A Many-Core Oriented Compressed Cache



- Hide Paper Summary
Paper Title: A Many-Core Oriented Compressed Cache
Link: https://dl.acm.org/doi/10.1145/2830772.2830828
Year: MICRO 2015
Keyword: Cache; Compression; Log-structured Cache



Back

Highlight:

  1. Large block compression optimization, which is often only used for DRAM, can also be deployed with LLC using large log objects.

Questions

  1. If two addresses are mapped to the same log, and uses the same LMT entry, how do you know which address the status bits represent? A conservative approach is to always check tags as long as the LMT entry is valid, but in this case, storing MESI states is an overkill, as a single valid bit suffices.

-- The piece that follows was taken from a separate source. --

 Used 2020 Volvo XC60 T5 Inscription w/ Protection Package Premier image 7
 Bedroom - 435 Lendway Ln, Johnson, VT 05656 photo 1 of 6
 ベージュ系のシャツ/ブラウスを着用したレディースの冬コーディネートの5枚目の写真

  2. The paper does not mention how conventional per-line status bits are stored. Are they compressed with tags using BDI (which I suspect is, but BDI will be less effective since there are not only address tags but also status bits).

  3. I did not get the benefit of using log-structure updates besides the compression ratio benefit. By not overwriting cache lines that are stale, you basically create external fragmentation which is hard to get rid of without compaction. I do get the benefit of fully-associative mapping between LMT and log entry, and the large log object, though.

  4. The paper seems to suggest that by appending a block, we can individually encode the block and then append it (Sec. 3.1: The data is then compressed and appended to the log (as shown in Figure 5)). In earlier and later sections of the paper it is suggested otherwise by saying that all blocks are compressed as a stream.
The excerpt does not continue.